Échec scolaire

Au boulot les jeunes

Loïc est prof d’histoire et de français, contractuel, dans un lycée pro des quartiers Nord de Marseille. Chaque mois, il raconte ses tribulations au sein d’une institution toute pétée. Entre sa classe et la salle des profs, face à sa hiérarchie ou devant ses élèves, il se demande : où est-ce qu’on s’est planté ?

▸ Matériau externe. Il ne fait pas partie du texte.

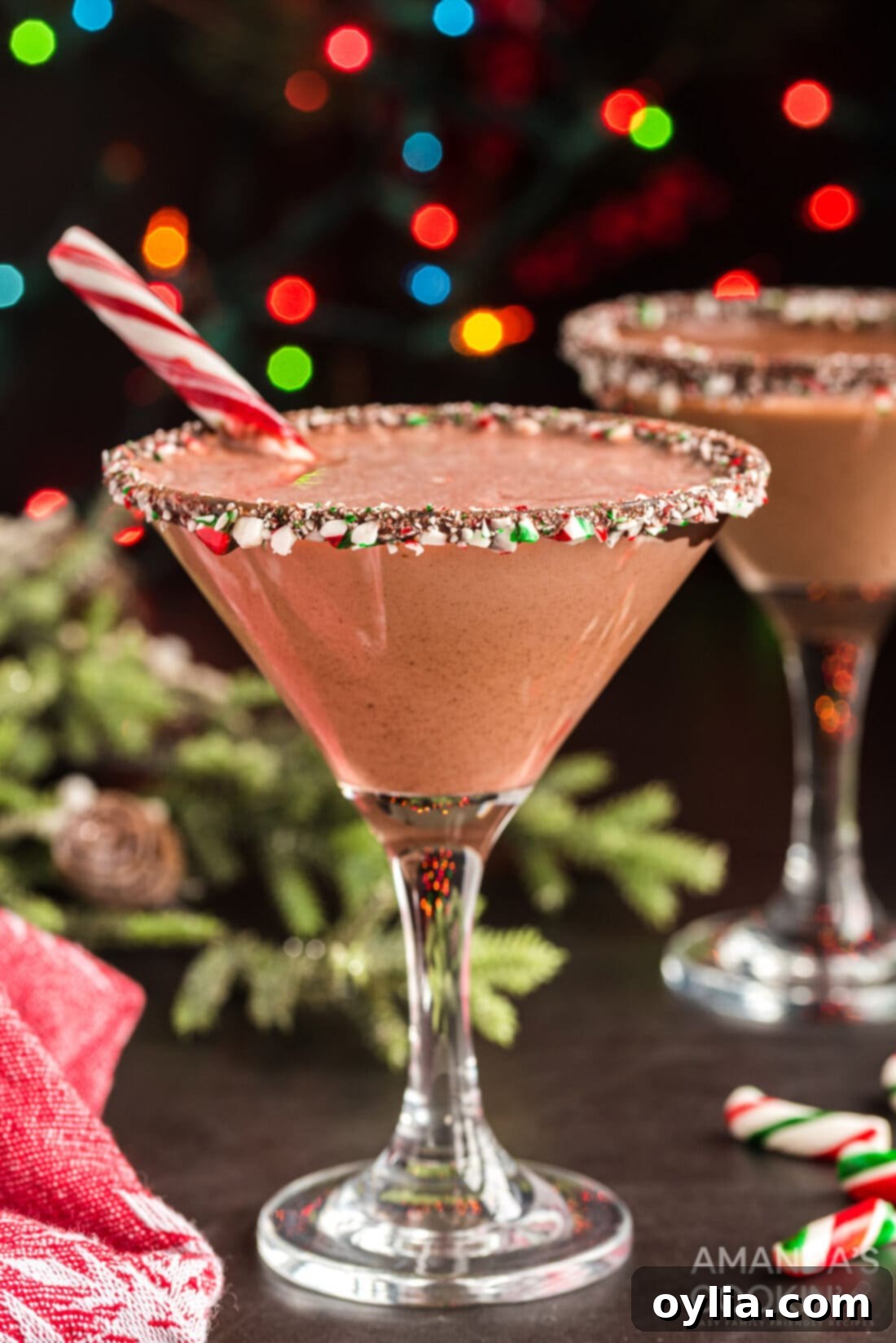 A trio of delicious chocolate peppermint martinis garnished with candy canes and cream swirls, set against a festive backdrop.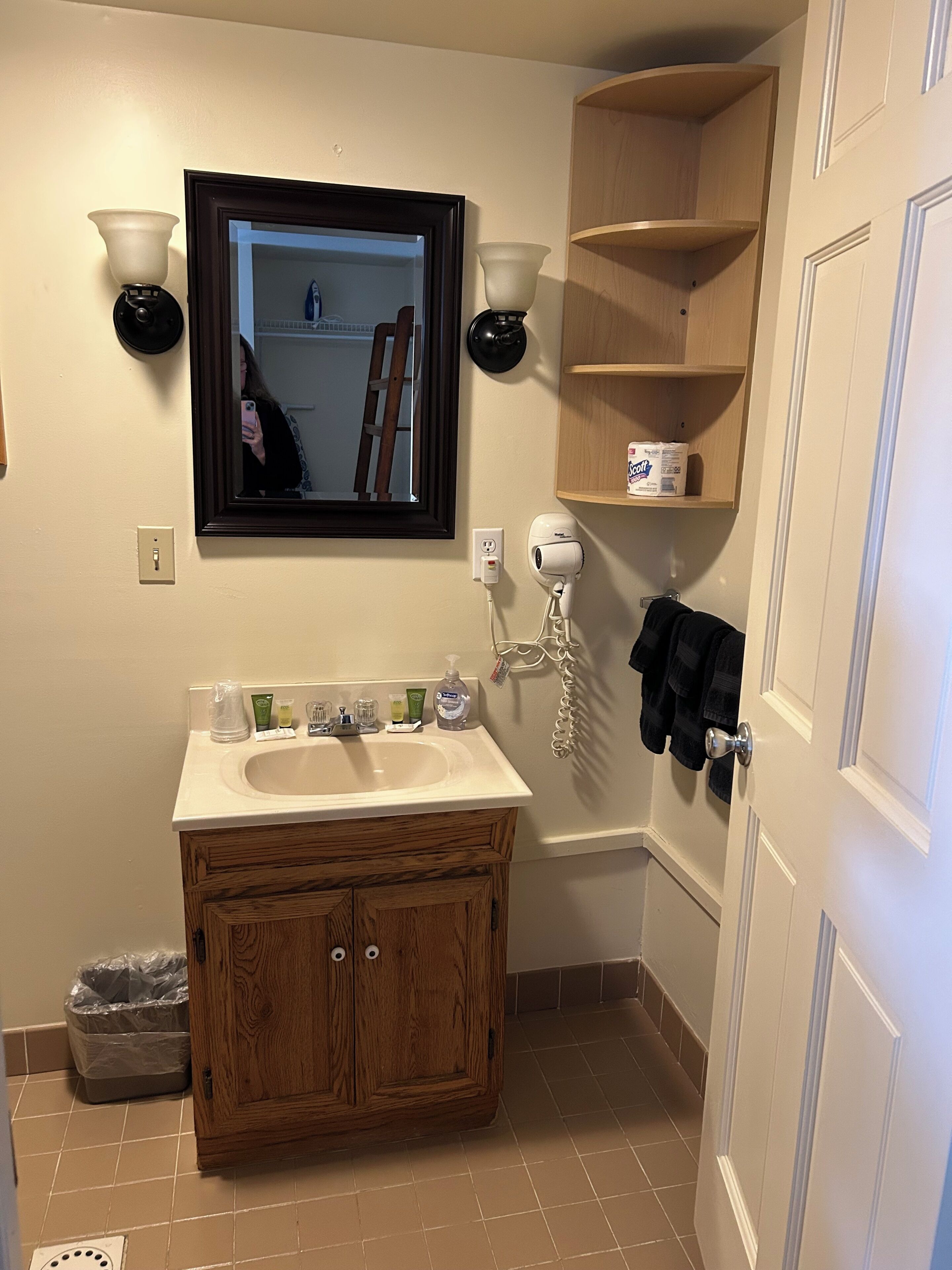 Un baño con tocador de madera, un espejo, dos luces empotradas, un perchero para toallas y un estante con artículos de aseo.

« Ennuyeux, pénible, fatigant, dur physiquement et mentalement  ». Les élèves de CAP rentrent tout juste de stage. En début de cours, je leur demande d’écrire rapidement comment s’est passée l’expérience. Comme à chaque fois, les mêmes réponses, à quelques exceptions près. Certains ont adoré : « Franchement meilleur stage ! J’étais tout le temps dehors et en déplacement chez les clients !  » Sur leur feuille, les autres pointent la dureté du travail : « On portait des panneaux tout le temps, j’avais hyper mal au dos et si je me plaignais, je me faisais défoncer  » ; ou plus souvent encore l’ennui : «  Je n’ai fait qu’observer pendant un mois. Je n’avais pas le droit de toucher les outils parce que le maître de stage n’était jamais là. Du coup, j’allais me cacher dans les toilettes  ». Pour accueillir les stagiaires dans l’entreprise, aucune qualification particulière de formateur n’est attendue, ni même de connaissance fine du boulot. La fonction est bien souvent occupée par le patron de la boîte, qui n’a parfois de connaissance du métier que le volet administratif. « Le chef, il passe en coup de vent. Il juge mon travail mais il n’y connaît rien, il est toujours dans les bureaux  », raconte un autre. Et les 35 heures ne sont pas toujours respectées : « Moi je bossais de 10 à 18 heures sans pause, on mangeait après  ». Et quelques fois, avec des horaires de nuit à la clef : « Pendant une semaine, sur un chantier où il fallait aller vite, on finissait à 23 heures  », m’explique un élève en maçonnerie. Des patrons qui exploitent des enfants donc, et n’hésitent pas à en faire des petites mains interchangeables. « Avec lui c’est simple, on est quatre stagiaires. On se réunit chaque matin et il décide qui vient et qui ne vient pas en fonction de ses besoins !  » raconte un autre jour un élève en plomberie.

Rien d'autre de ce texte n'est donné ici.